Skip to content

What's New in Baleen 2.7.0

James Baker edited this page May 8, 2019 · 4 revisions

Baleen 2.7.0 was released on 8th May 2019. The release notes for v2.7.0 lists all the changes in this release, but this page contains additional examples and information of significant changes.

Content Extractors are now first class Baleen objects

This enables content extractors to use Baleen Resources, which was not previously possible.

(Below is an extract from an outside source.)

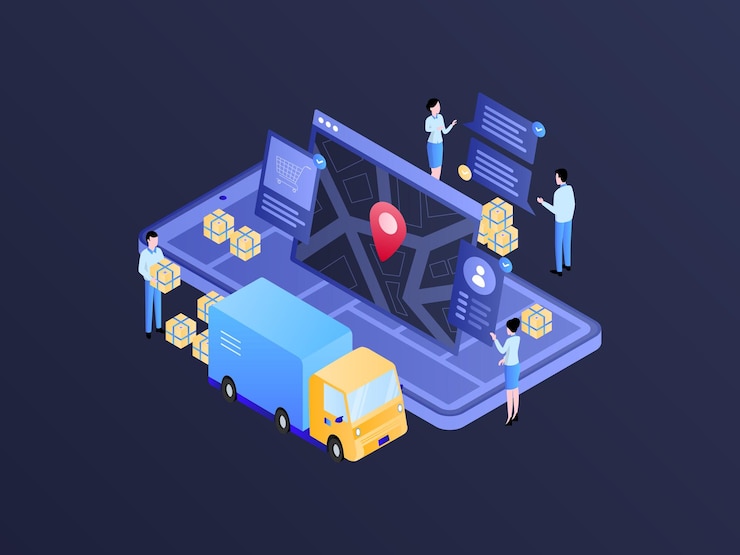 Vector package sent isometric illustration dark gradient suitable for mobile app website banner diagrams infographics and other graphic assets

This is a potentially breaking change for third party collection readers which specifically depend of a content extractor

The yaml pipeline syntax has also changed but in this case backwards compatibility has been maintained, so existing pipeline yaml files should still be valid. For example the following two yaml files are equivalent and valid

New syntax

collectionreader:
  class: FolderReader
  folders: input
  
contentextractor: TikaContentExtractor

Old syntax

collectionreader:
  class: FolderReader
  folders: input
  contentExtractor: TikaContentExtractor

Using the new syntax content extractor parameters may be specified as

contentextractor:
  class: CsvContentExtractor
  contentColumn: 2

Extension of yaml "include" functionality

Baleen 2.6.0 introduced the ability to include common sets of pipeline entities within a nested yaml file, for example the following yaml file would include a list of annotators

annotators:
-include: path/to/my/annotators.yml

It is now also possible to include an entire map section, for example

include: collectionreader.yml

annotators:
- insert (or include) annotators here

consumers:
- insert (or include) consumers here

where collectionreader.yml contains

collectionreader:
  class: FolderReader
  folders: input